Collected data entries:
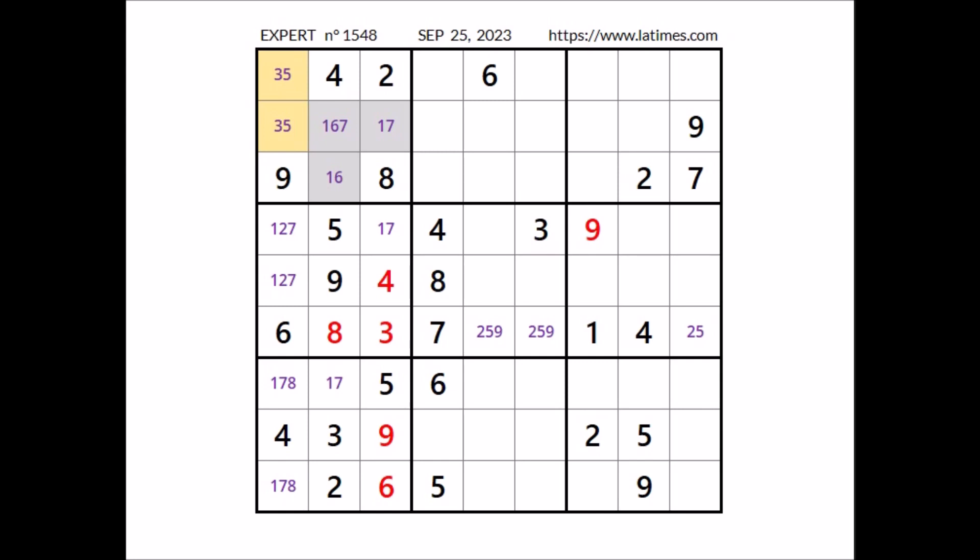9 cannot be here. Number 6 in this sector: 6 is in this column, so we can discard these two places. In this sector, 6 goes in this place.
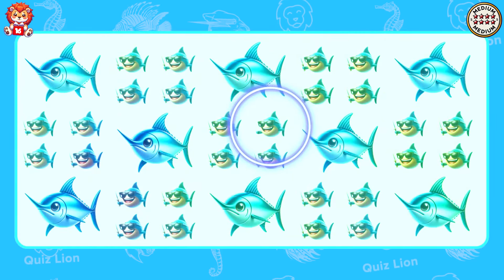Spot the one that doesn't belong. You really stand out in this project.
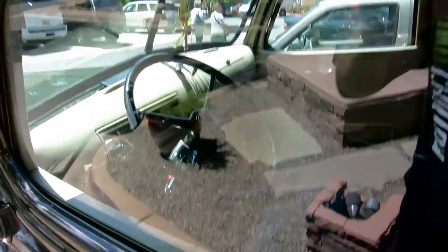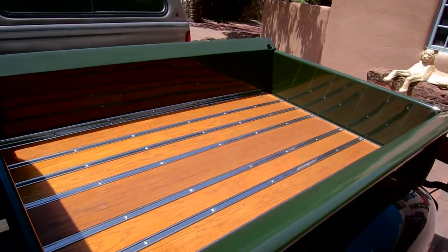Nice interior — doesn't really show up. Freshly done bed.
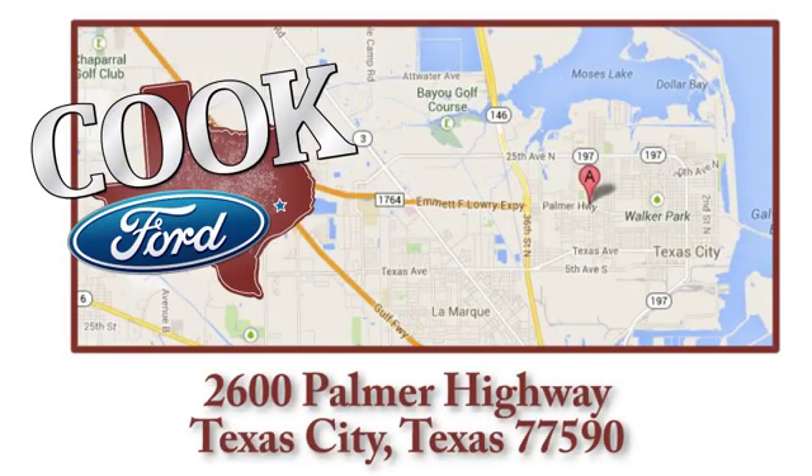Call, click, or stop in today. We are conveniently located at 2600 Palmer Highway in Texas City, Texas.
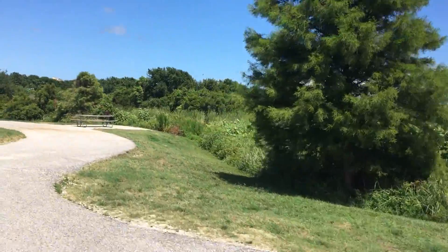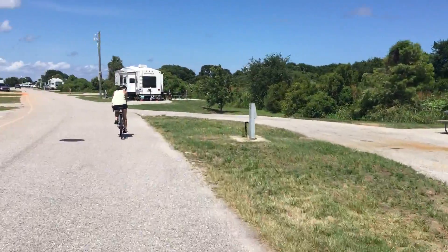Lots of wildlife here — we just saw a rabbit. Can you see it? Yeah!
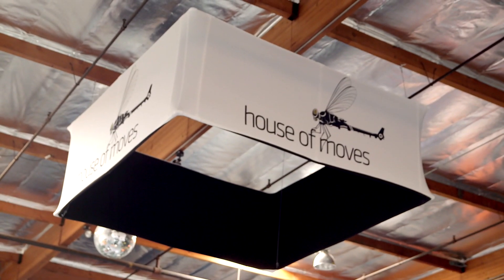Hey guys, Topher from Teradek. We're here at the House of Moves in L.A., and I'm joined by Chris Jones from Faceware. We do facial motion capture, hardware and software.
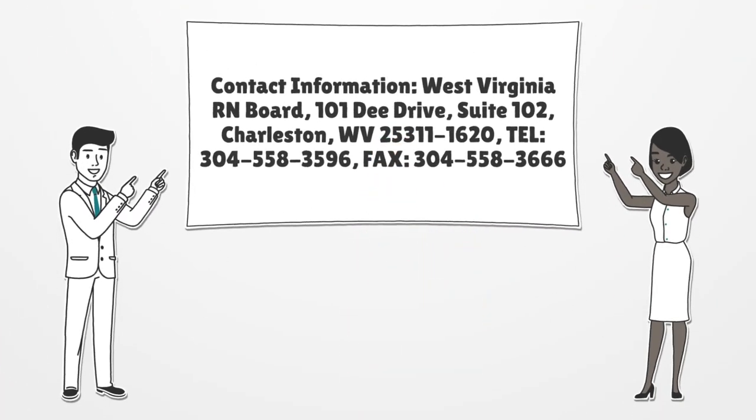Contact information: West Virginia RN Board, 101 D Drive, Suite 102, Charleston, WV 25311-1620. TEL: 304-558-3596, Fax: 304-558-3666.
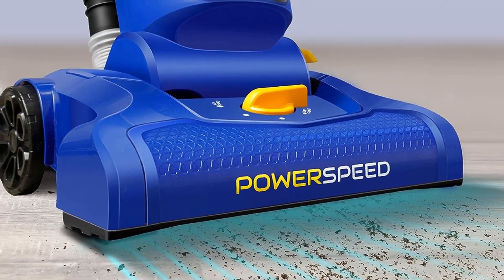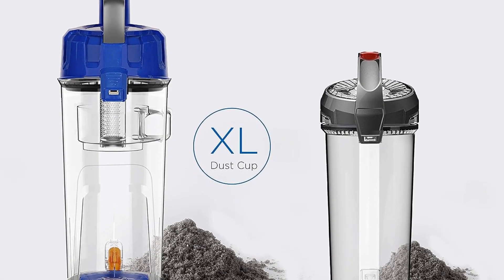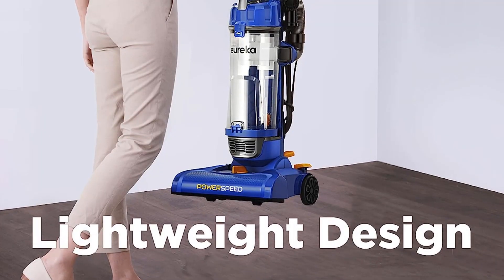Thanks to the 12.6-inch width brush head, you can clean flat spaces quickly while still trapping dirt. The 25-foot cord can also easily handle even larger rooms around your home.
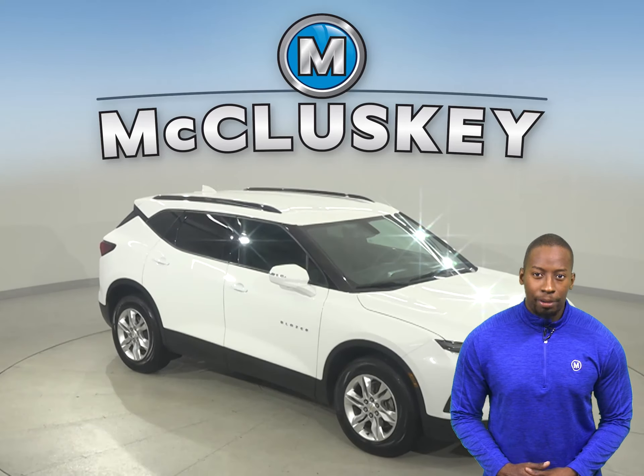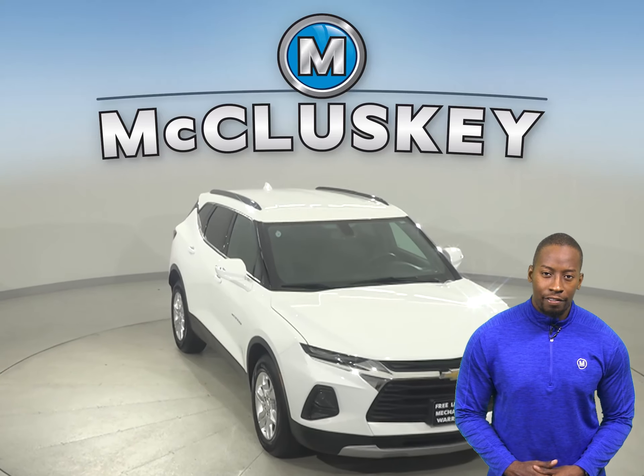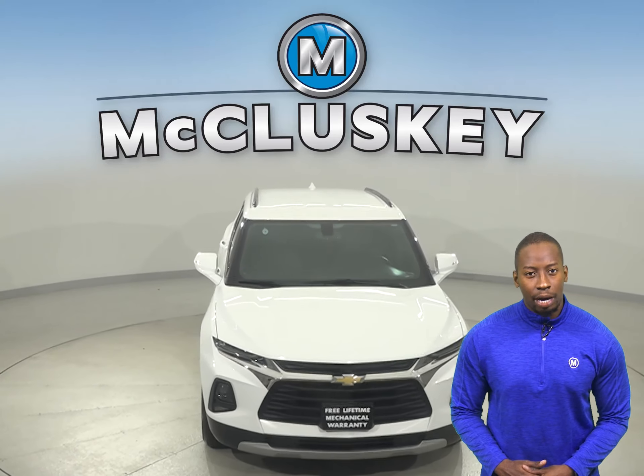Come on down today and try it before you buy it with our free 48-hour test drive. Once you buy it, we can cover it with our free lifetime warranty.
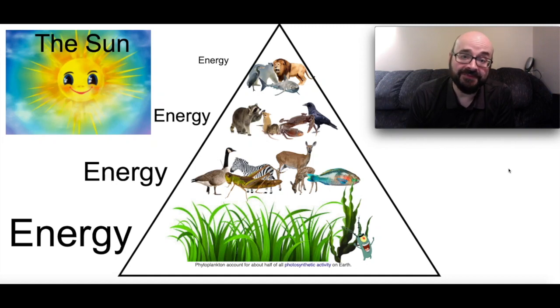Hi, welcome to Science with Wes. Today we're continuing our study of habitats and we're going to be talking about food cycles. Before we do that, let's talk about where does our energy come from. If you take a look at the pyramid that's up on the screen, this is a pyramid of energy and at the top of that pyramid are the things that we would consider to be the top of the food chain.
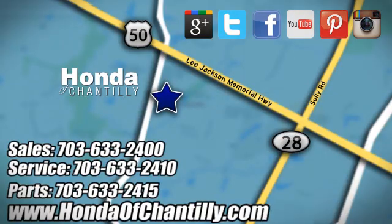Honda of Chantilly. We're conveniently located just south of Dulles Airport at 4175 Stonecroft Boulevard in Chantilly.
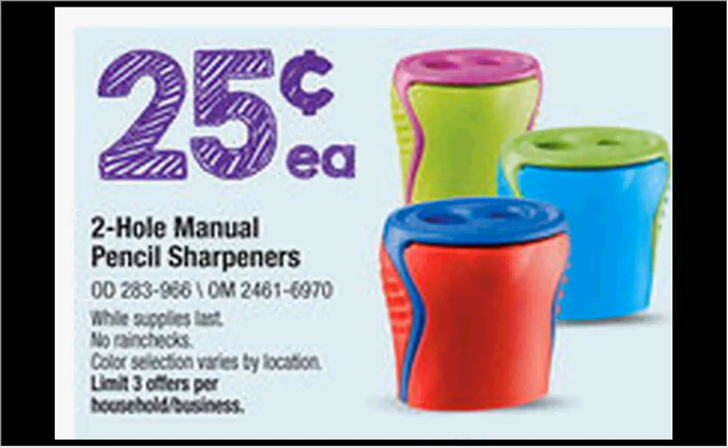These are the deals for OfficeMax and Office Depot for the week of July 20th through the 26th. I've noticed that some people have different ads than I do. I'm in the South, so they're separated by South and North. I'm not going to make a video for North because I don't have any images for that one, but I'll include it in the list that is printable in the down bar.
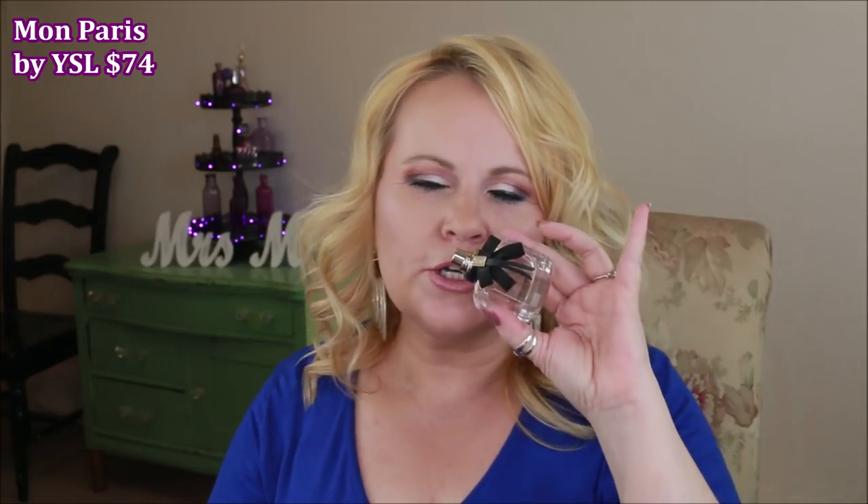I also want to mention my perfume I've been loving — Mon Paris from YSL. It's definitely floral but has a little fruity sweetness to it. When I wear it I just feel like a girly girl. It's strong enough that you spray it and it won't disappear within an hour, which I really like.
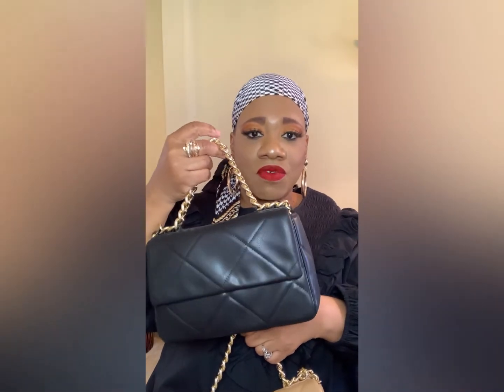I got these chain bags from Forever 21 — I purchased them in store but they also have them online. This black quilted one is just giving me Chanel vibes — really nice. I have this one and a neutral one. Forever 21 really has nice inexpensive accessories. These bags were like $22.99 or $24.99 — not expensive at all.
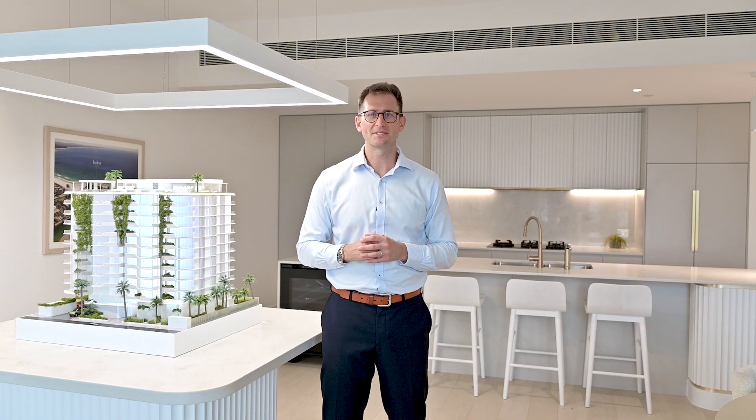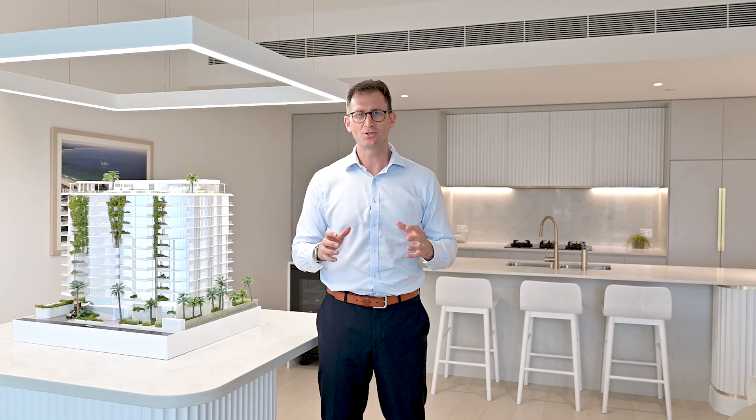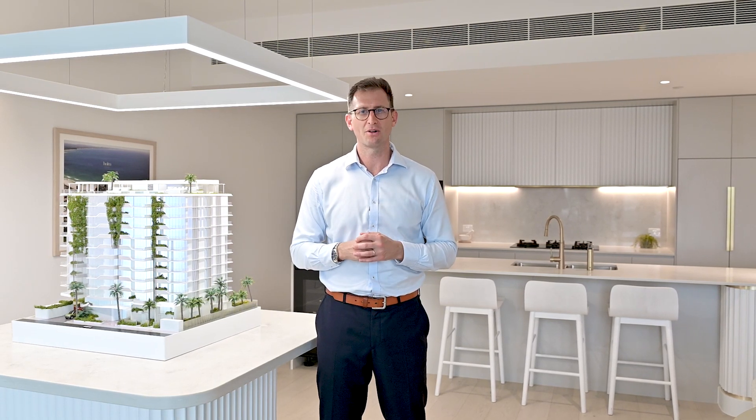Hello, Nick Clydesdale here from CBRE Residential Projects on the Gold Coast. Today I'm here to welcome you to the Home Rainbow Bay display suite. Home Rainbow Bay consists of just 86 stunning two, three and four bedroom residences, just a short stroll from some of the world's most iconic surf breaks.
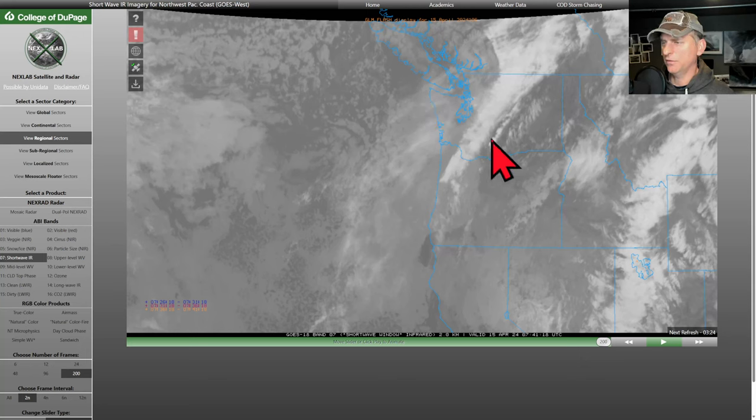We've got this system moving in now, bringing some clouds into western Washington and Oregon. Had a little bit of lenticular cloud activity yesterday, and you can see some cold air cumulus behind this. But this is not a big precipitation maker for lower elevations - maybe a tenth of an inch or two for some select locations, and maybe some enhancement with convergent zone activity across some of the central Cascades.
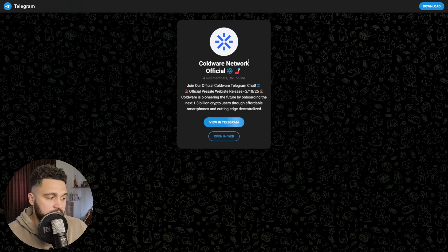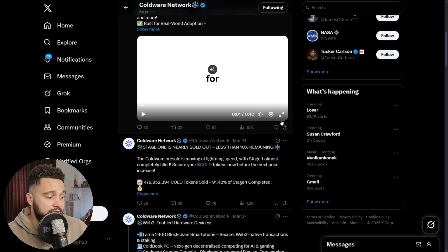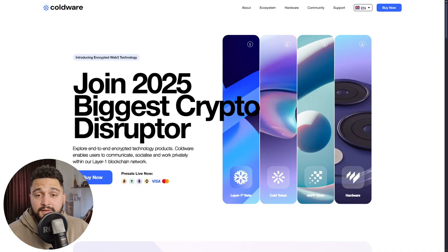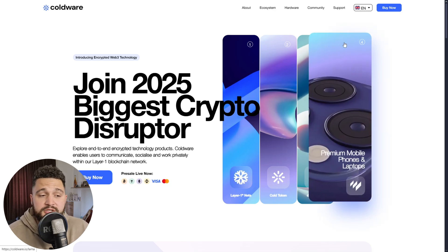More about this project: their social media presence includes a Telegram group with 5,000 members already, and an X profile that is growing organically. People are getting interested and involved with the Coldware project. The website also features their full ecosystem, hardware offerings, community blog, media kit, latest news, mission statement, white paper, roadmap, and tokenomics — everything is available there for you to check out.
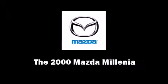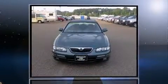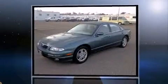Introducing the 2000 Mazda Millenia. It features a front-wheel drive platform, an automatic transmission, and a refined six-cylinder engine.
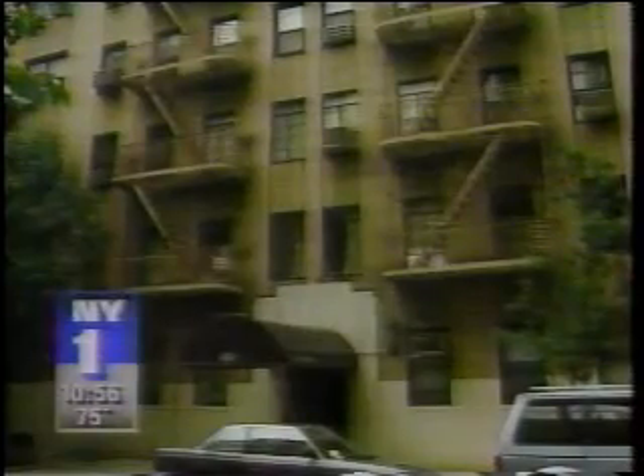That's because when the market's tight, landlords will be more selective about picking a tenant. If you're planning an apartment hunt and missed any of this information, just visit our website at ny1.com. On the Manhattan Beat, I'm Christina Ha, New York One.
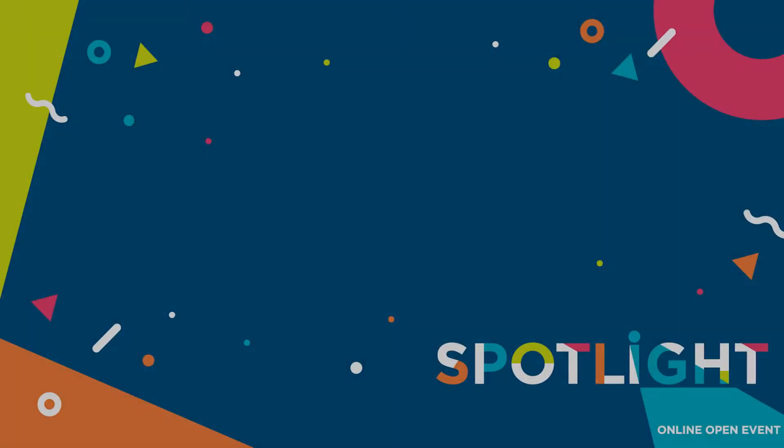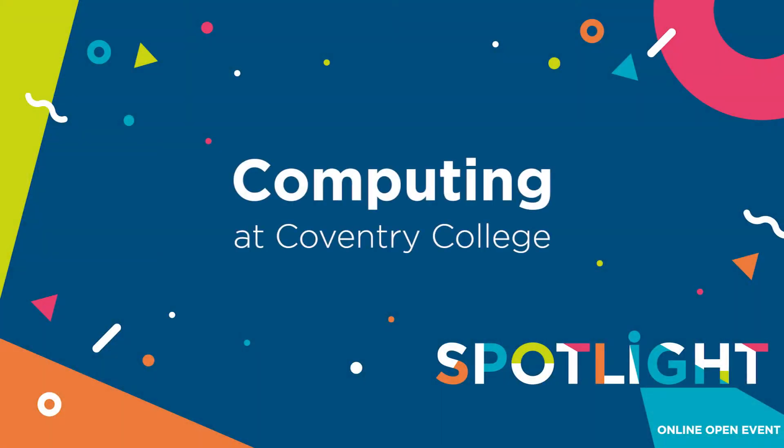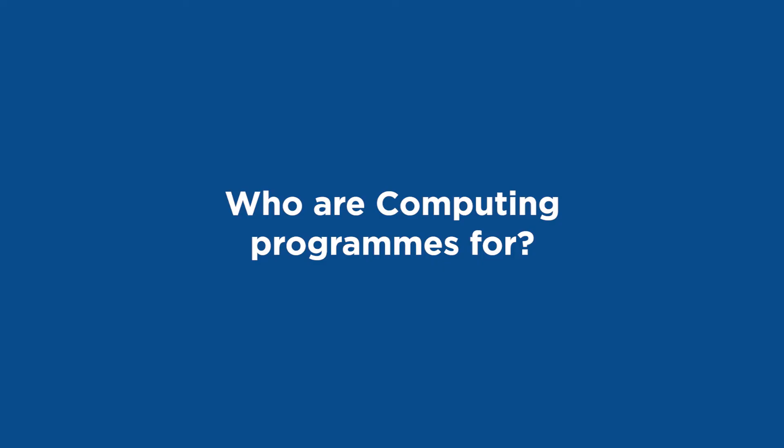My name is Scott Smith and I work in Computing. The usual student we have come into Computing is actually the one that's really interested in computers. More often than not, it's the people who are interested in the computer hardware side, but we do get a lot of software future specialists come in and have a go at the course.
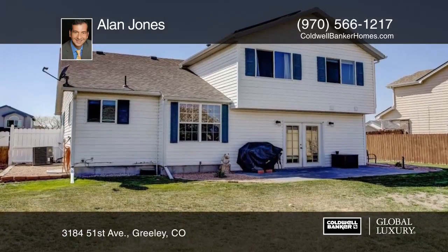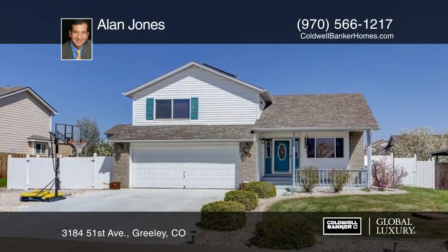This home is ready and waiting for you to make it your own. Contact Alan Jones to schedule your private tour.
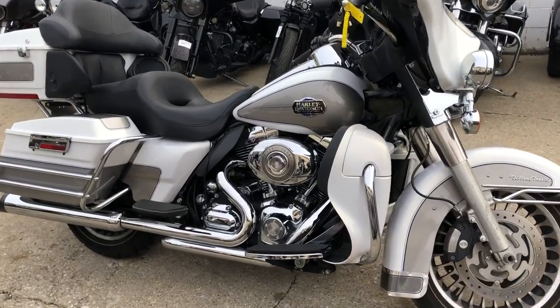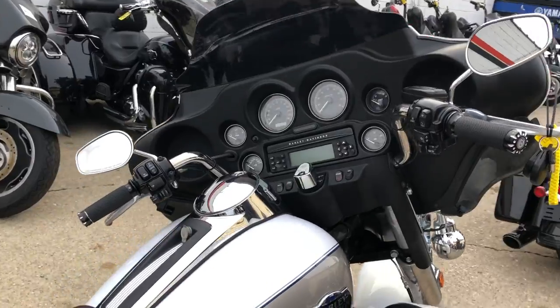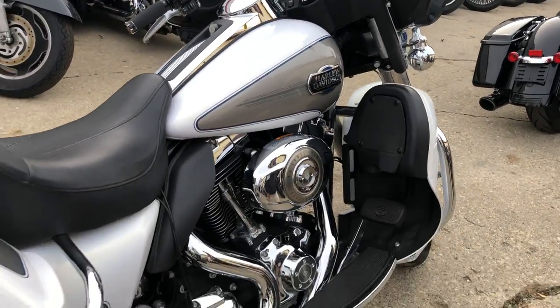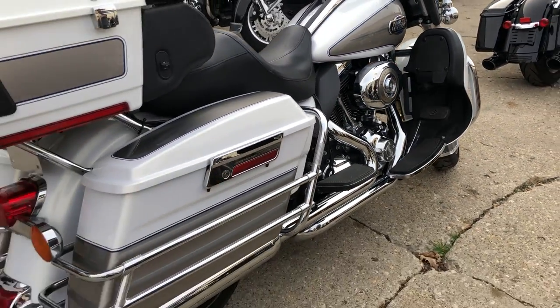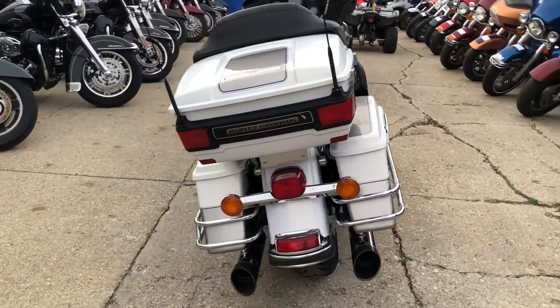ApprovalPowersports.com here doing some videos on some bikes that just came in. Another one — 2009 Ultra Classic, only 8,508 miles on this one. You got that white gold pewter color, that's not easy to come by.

What to produce: Write back word for word every line in the entries above from the one with "Introducing the 2000" to the one with "That's because when", ends included, and none of the pictures.

Solution to the problem:
Introducing the 2000 Mazda Millenia. It features a front-wheel drive platform, an automatic transmission, and a refined six-cylinder engine.
That's because when the market's tight, landlords will be more selective about picking a tenant. If you're planning an apartment hunt and missed any of this information, just visit our website at ny1.com. On the Manhattan Beat, I'm Christina Ha, New York One.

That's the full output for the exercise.